There is a list of propositions discussed so far in this site.
Main Body
1: Structured Description
Here is the rules of Structured Description.
Entities:
\(T'\): \(\in \{\text{ the topological spaces }\}\)
\(T\): \(\in \{\text{ the topological subspaces of } T'\}\)
\(S\): \(\subseteq T\)
//
Statements:
\(\overline{S}^T = \overline{S}^{T'} \cap T\), where \(\overline{S}^T\) is the closure of \(S\) on \(T\) and \(\overline{S}^{T'}\) is the closure of \(S\) on \(T'\)
//
2: Proof
Whole Strategy: Step 1: see that \(\overline{S}^{T'} = \cap_{j \in J} C'_j\) where \(\{C'_j \vert j \in J\}\) is the set of the closed subsets of \(T'\) that contain \(S\); Step 2: see that \(\overline{S}^{T'} \cap T = \cap_{j \in J} C'_j \cap T\) is the intersection of the closed subsets of \(T\) that contain \(S\).
Step 1:
\(\overline{S}^{T'}\) is the intersection of the closed subsets of \(T'\) that contain \(S\).

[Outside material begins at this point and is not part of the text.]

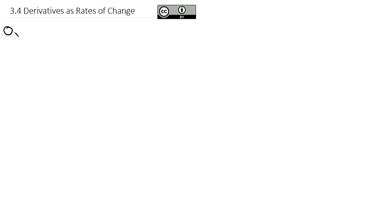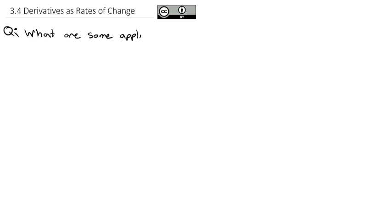Now that we're able to quickly calculate derivatives, we're able to look at some applications of how we can use the derivative to model some real world situations. So our question is: what are some applications of the derivative?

So, letting \(\{C'_j \vert j \in J\}\) be the set of the closed subsets of \(T'\) that contain \(S\) where \(J\) is a possibly uncountable index set, \(\overline{S}^{T'} = \cap_{j \in J} C'_j\).
Step 2:
\(\overline{S}^{T'} \cap T = (\cap_{j \in J} C'_j) \cap T = \cap_{j \in J} (C'_j \cap T)\).
\(C'_j \cap T\) is a closed subset of \(T\) by the definition of subspace topology and \(S \subseteq C'_j \cap T\), and any closed subset of \(T\) that contains \(S\), \(C\), appears as \(C = C'_j \cap T\) for a \(j\), because there is a closed subset of \(T'\), \(C' \subseteq T'\), such that \(C = C' \cap T\), but \(S \subseteq C \subseteq C'\), so, \(C'\) is a closed subset of \(T'\) that contains \(S\), so, \(C' = C'_j\) for a \(j\).
So, \(\cap_{j \in J} (C'_j \cap T)\) is the intersection of all the closed subsets of \(T\) that contain \(S\), which is \(\overline{S}^{T}\).
So, \(\overline{S}^{T} = \overline{S}^{T'} \cap T\).